Now, after having a kid, crying is a part of my daily routine, in times of sickness (raging hormones) and health (a decent night of sleep). Crying occurs in times of sap (movies, shows and moments with my daughter) and sympathy (watching my daughter sad or hurt). Crying is about as frequent as peeing with a post-pregnancy bladder.
I now know why mothers always have under-eye puffiness or what I like to call Mom Eye. Sleep is a luxury and crying is a routine occurrence. Under-eye cream containing caffeine is a mom’s best friend, along with red-eye-reducing eye drops.
I cry because I’m constantly thinking of my kid and the possibilities in her life. When I watch reality TV competitions, like the XFactor, and the camera keeps panning back and forth from the kid to the parent, I have a box of Kleenex nicely nestled on my lap. When a kid thanks their parents, I’m a blithering idiot lost in sentiment. I picture my daughter accepting an award someday and including me in her acceptance speech or forgetting me, which makes me cry even more.
Watching my daughter try new things, I wonder whether she’ll love and master something wonderful in her life. She plays the piano, so will she be a concert pianist or play a different instrument and be part of a rock band? She loves soccer, so will she strive to be the next Mia Hamm or be happy even if she just scores the winning goal in a game?
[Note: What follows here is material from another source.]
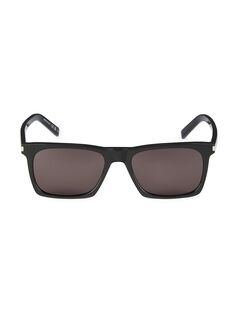 Прямоугольные солнцезащитные очки из ацетата New Wave 54 мм Saint Laurent, черный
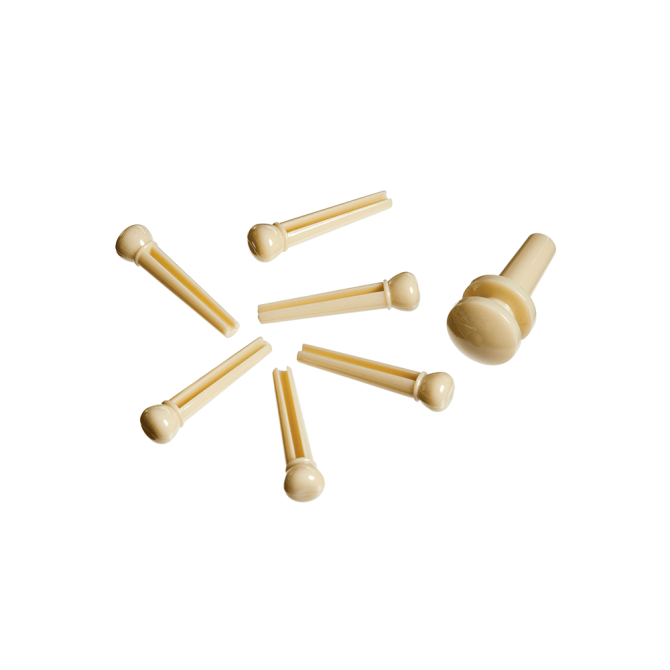 D'Addario Plastic Bridge Pins Ivory PWPS11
She loves ballet, so will she want the lead in The Nutcracker and wait on pins and needles for the cast list or just be happy with a small part? Success is trying and loving what she does, which will bring tears to my eyes, no matter what makes her happy.
The thought that she tries in life and puts her heart into things makes me cry. The other day her teacher handed us a sheet where she had written her full name over and over again. Two months ago, she could only write her first name and it was nearly unreadable. It was such a little milestone, but still made my vision go blurry from a tiny well of tears.
She still gives me hugs and kisses, which I cherish, because I know they may one day disappear. Every time she voluntarily does, it tugs on my heartstrings and releases a tear or two. She still calls me Mama or Mommy and hasn’t reduced it to the three-letter “Mom”.
Some days, and they are not many; she spends the entire day doing the opposite of what I ask her to and then my husband lets me know he’ll be late, so when I get a minute in the toilet room, I let out a few tears.
Am I doomed to have tears until she’s 18 or is it never-ending, now that I have my mini-me?